There is a correlation between diabetes and food. Some take foods which are high on glycaemic index or, in other words, are sugary. The body in response produces insulin, which helps control diabetes. So, food is the first line of treatment.
A lot of confusion about sugar free prevails in diabetes management.
Any food item which has no white sugar added to it is healthier than sweetened items.
Avoid food items such as biscuits made of arrowroot, refined flour or corn flour. They are not healthy for diabetes patients, because they have a high glycaemic and are likely to increase the blood sugar and may also cause inflammation to the body.
A sugar-free alternative means chemical sugar – sucralose – which is an artificial sweetener. Chemical-based sugars like sucralose should not be taken because chemicals in them have long-term side effects.

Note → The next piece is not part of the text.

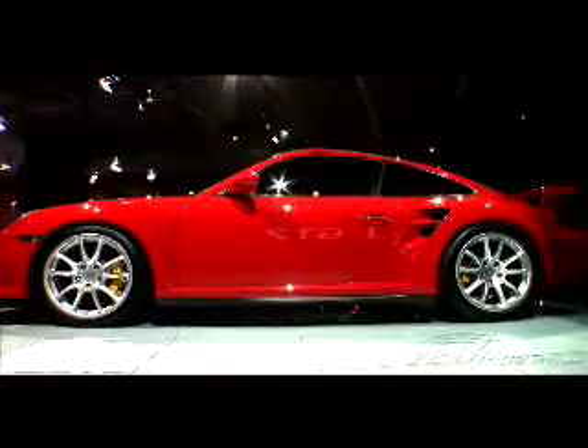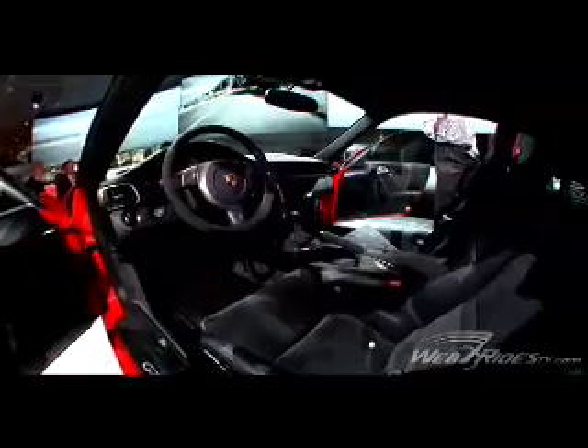Welcome the newest member of the 997 family, the Porsche GT2. The GT2 has one horsepower for every six pounds of curb weight, making for a more than impressive power-to-weight ratio.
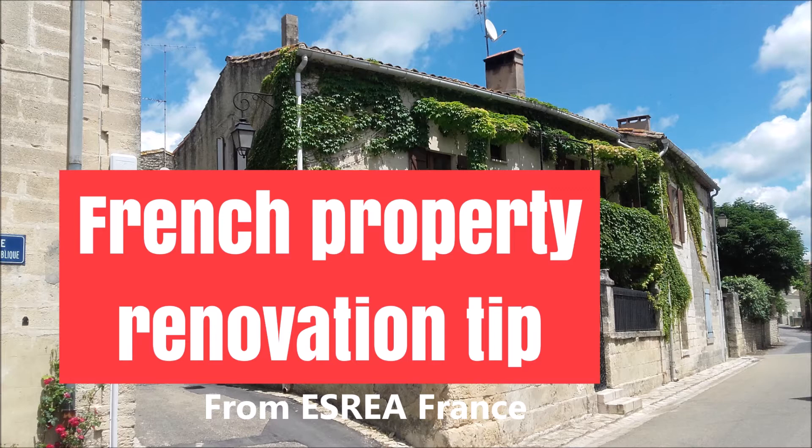Perhaps you're considering the idea of buying real estate in France and you're wondering: should I buy a property that's already been renovated, or should I buy a property that needs to be renovated? We have people come to us all the time to consider this idea, and we put them in touch with a local English-speaking French real estate agent to help connect them with what's going on in the marketplace in terms of where they're interested in buying.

Natural plant-based sugar is better than artificial sugars. A diabetic should rather take plant-based sugar once in a while or may be on weekends or on festive occasions.
A lot of people take food products which even though do not have added sugar are unhealthy because they have other trans fats. So, products recommended for diabetics which have no added sugary chemical but carry preservatives, artificial flavour and colours impact the diabetic health as the liver is unable to process those chemicals. In diabetics, the liver is likely to weaken. Therefore, it is important to not tax the liver with all these chemicals.
Jaggery or other kinds of sweeteners are marginally healthier than white refined sugar. But they too should not be taken in large quantity. It is better to have fruits than these refined products from different sources as they affect the insulin and blood sugar adversely.
Diabetics should avoid sugar or sugar-based products, processed food items, refined food items, juices, packed foods, rice flour, refined maida, white flour and suji, among others, as these lead to increased blood sugar, imbalance in the insulin and inflammation of the body.
FOODS FOR DIABETIC
Diabetic should eat foods or grains which lead to less sugar in the body; for example, chana (grams), besan, or flours made of millets. Millets like ragi, jwar, bajra and Brazilian grain are low in glycaemic index and are great for diabetics. The point is to fundamentally shift from wheat and rice as their overconsumption may lead to not only diabetes but also to obesity and associated health problems.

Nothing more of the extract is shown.